Samstag, 10. November 2007

29 Die zehn Gebote

Kürzlich wurden die „zehn Gebote der Mafia“ entdeckt. Sie erinnern stark an die zehn Gebote der Bibel: „Die Wahrheit sagen!“, „Niemals auf die Ehefrauen unserer Freunde schielen!“, „Niemals sich das Geld anderer Familien aneignen!“, „Kategorisch alle Verabredungen einhalten!“. Ausgeschlossen wird, „wer einen Ehebruch in der Familie hat“, wer „sich nicht an die moralischen Werte hält“ (alles nach „die Presse“ vom 9.11.07).

Die Ähnlichkeiten sind nicht zufällig – bei beiden handelt es sich um archaische Gesetzgebung, mit der ein Stamm seine innere Ordnung oder Clans ihre Gemeinschaftsordnung festlegen wollen, und zwar so, dass es möglichst wenig interne Konflikte gibt. Es könnte im Mafiakodex genauso „Du sollst nicht (illegitim) töten!“ drinstehen, weil das auch im alten Testament nur innerhalb der Rechtsgemeinschaft gegolten hat: nicht im Krieg und im Kampf gegen andere, nicht beim Töten nach Gesetz und der darin festgelegten juridischen Abläufe (z.B. Steinigung von Ehebrecherinnen, Hinrichtung von Verrätern etc.).
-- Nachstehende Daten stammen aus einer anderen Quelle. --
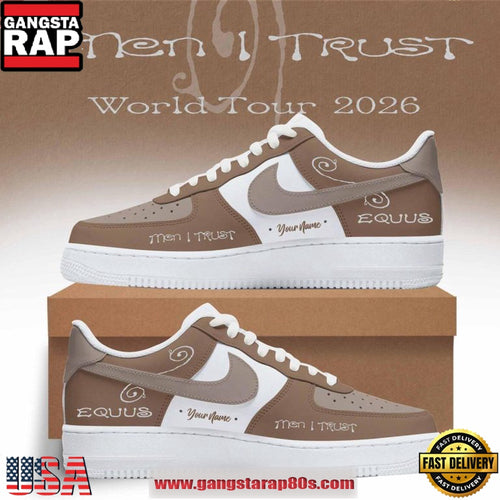 Men I Trust World Tour 2026 Concert Fan Custom Name Air Force 1 Sneakers Shoes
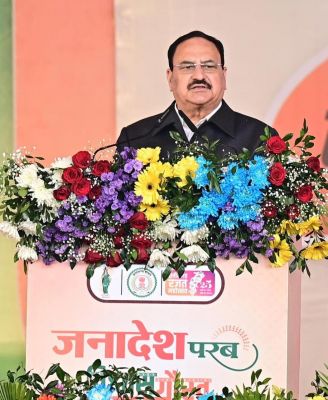 जनादेश परब :&nbsp;&ldquo;जो कहा, वह किया, और जो नहीं कहा, वह भी करके दिखाया&rdquo;: केंद्रीय मंत्री श्री जगत प्रकाश नड्डा,छत्तीसगढ़ सरकार के दो वर्ष पूर्ण होने पर जांजगीर-चांपा में &nbsp;जनादेश परब का भव्य आयोजन......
Der außerhalb der Rechtsgemeinschaft Stehende war nicht geschützt, außer, ihm wurde Gastrecht gewährt, das heißt, ein Mitglied der Rechtsgemeinschaft nimmt ihn unter seinen Schutz und nimmt ihn so quasi temporär in die Familie auf; eine Verletzung des Gastrechtes war dann eigentlich eine Verletzung des „Bürgerrechts“ bzw. der Vollmitgliedschaft des Gastrechtgebers in seiner Gemeinschaft, weil ihm seine rechterzeugende Potenz als Vollmitglied abgesprochen wird. Zum Vergleich sei auf die Geschichte von Lot in Sodom im alten Testament (Genesis, Kapitel 19) verwiesen, wo der Frevel der Einwohner Sodoms in der krassen Verletzung des in alten Zeiten geheiligten Gastrechts liegt.
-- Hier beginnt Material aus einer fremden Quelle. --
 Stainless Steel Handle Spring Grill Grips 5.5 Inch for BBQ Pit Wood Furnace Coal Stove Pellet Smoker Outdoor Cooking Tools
Die zehn Gebote der Bibel waren ursprünglich kein universal verstandenes Gesetz, sondern eine Stammesordnung. Ich vermute auch, dass die ersten drei biblischen Gebote der Gottesverehrung bei der Mafia irgendeine (geschriebene oder ungeschriebene, explizite oder implizite) Entsprechung haben.